Confessions of a No-Longer Teenage Grammar Queen

Today’s “Guest Blogger” is Allison Powell, an English and German teacher at Arizona Virtual Academy. Welcome, Allison!

Who has two thumbs and thinks analyzing adverb clauses is a good time?  THIS GIRL! 

Wait!  Come back!  I promise there will be no sentence diagramming here.  Just know, that as an English teacher, I can be both your best friend and your worst nightmare, and I apologize for when the grammar monster in me comes out a little too, um, exuberantly.

The thing is, my husband (who is a self-described terrible speller) has banned me from the following activities: Scrabble®, Pictionary®, and calling places of business where the employees seem to take delight in bungling the English language for all to see on their marquees.  There was an… let’s call it an incident, shall we?  There was an incident at a local restaurant involving the sign on the restroom door had no apostrophe.  Long story short – when the manager asked how things were, I said that it was great, except that it’s not Dama’s (it was a Mexican establishment) but rather Damas; I mean, it’s an easy mistake to use the singular possessive instead of the plural, but it’s important that ALL the damas know that they are allowed to use that toilet as needed.  That was the final straw!   Since I enjoy eating out in the company of my family, I have acquiesced to the hubby’s request that I not ruin a nice time by going “all English teacher” when we are out in public together. 

My students… well, that’s a different story.  I will let them know when they have used their instead of there.  I will remind them that it’s not the Jones’ dog but rather the Jones’s dog.  And I will most assuredly remind them that run-on sentences are appalling, objectionable, and downright dreadful.

Yup – that’s the worst nightmare part right there.

But… but…

Think of it this way.  If I can point out those malevolent little comma splices, won’t that make you a better writer if you can avoid them in the future? 

(The answer is yes, by the way)

If I remind you that you need to vary your sentence structure, won’t that make your writing become more vivid when you start with those structures next time?

(Again, answer yes here)

AND… (wait – aren’t you not supposed to start a sentence with and?  Shhh – I’m making a point) if I ask you to give more sensory details so I can “see” the event that you are describing, won’t that help you make your essay as interesting as can be when revising for your final draft?

(Um, yeah)

As a language teacher (two of them – English AND German) at Arizona Virtual Academy, where so much of the communication with my students is written, I see it all—the good, the not quite good but getting there, and the “get thee to a thesaurus.”  But don’t worry, I won’t always blog about grammar.
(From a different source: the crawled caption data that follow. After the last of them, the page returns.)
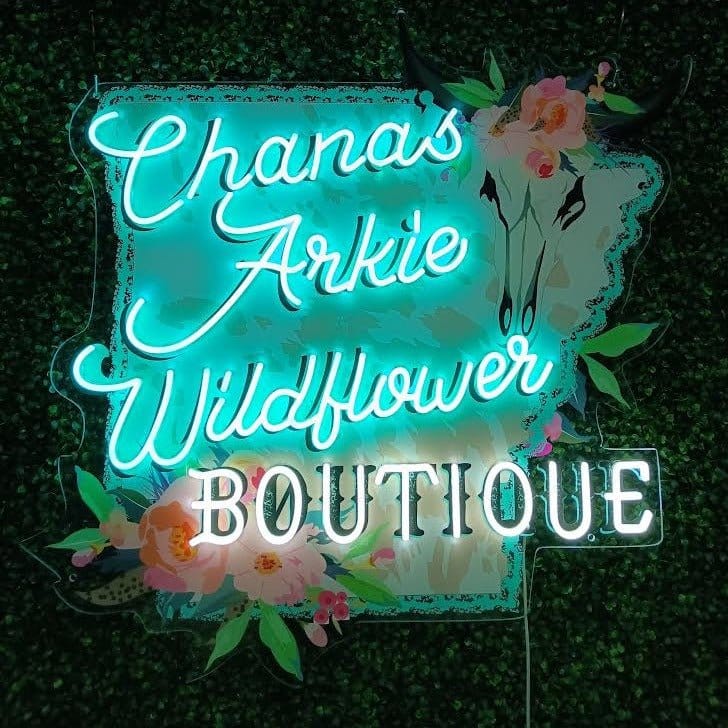 Customer photo review of Custom Neon + Full Color UV Print Business Sign
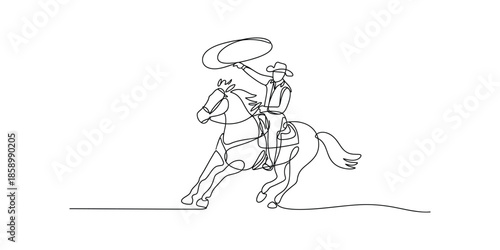 Continuous one line drawing cowboy on horse galloping across desert, Cowboy on bucking horse running with lasso, Single line vector illustration.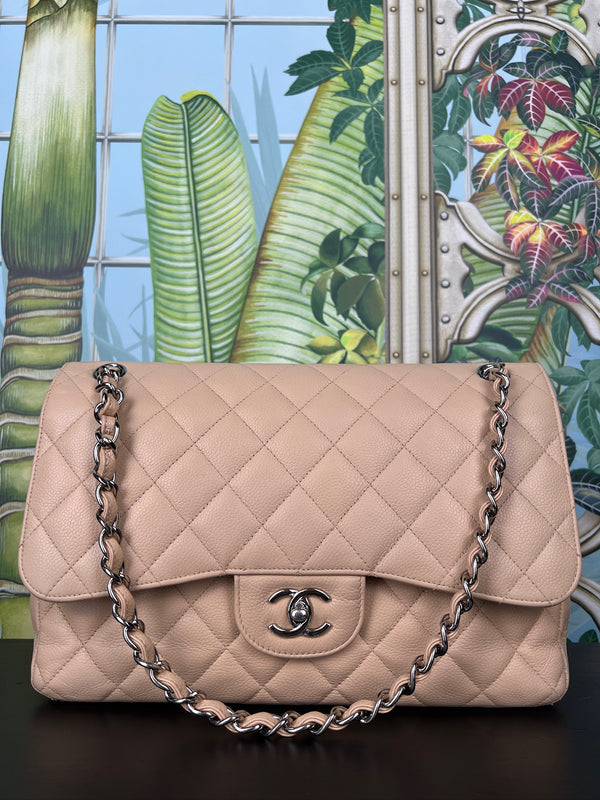 Chanel jumbo flap bag beige caviar, silver hardware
Here on the thinktanK I will be providing a “behind-the-scenes” peek into what life is like for a virtual education teacher. I love my job, especially helping my students become better writers, and I’d like for you to see why. If you ever have any questions about anything I blog about—or just have questions about online learning, please feel free to comment on my posts. I promise I won’t critique your grammar! So you see, while I can be your worst nightmare, I am also your best friend.  Just make sure you write your dog instead of you’re dog, OK?